<<<<
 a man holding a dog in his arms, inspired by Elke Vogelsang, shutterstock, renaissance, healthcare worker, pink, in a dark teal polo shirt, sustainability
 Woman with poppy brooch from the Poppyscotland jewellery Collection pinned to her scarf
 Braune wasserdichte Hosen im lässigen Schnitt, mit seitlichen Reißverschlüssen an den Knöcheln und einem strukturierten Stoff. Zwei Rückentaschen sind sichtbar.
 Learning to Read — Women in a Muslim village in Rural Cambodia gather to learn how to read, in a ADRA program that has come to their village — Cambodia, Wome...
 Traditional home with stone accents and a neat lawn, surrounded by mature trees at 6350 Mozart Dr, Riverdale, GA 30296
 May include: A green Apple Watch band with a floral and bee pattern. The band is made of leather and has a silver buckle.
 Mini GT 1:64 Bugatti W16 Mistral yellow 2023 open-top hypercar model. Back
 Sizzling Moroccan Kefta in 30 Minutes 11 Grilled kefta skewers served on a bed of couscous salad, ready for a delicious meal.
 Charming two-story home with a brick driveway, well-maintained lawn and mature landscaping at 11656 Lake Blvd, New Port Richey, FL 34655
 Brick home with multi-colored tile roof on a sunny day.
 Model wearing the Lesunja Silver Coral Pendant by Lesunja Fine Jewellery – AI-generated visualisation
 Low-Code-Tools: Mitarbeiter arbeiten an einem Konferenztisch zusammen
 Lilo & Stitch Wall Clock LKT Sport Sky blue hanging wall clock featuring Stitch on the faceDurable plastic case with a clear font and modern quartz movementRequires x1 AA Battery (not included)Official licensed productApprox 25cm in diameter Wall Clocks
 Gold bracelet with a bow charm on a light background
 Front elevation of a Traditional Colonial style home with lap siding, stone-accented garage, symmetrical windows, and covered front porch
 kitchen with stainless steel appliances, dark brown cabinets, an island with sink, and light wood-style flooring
>>>>
Task: Find the line with "Sizzling Moroccan Kefta" in the material above. Reproduce it and each line after it up to and including the line with "Low-Code-Tools: Mitarbeiter arbeiten".

Response to the exercise:
 Sizzling Moroccan Kefta in 30 Minutes 11 Grilled kefta skewers served on a bed of couscous salad, ready for a delicious meal.
 Charming two-story home with a brick driveway, well-maintained lawn and mature landscaping at 11656 Lake Blvd, New Port Richey, FL 34655
 Brick home with multi-colored tile roof on a sunny day.
 Model wearing the Lesunja Silver Coral Pendant by Lesunja Fine Jewellery – AI-generated visualisation
 Low-Code-Tools: Mitarbeiter arbeiten an einem Konferenztisch zusammen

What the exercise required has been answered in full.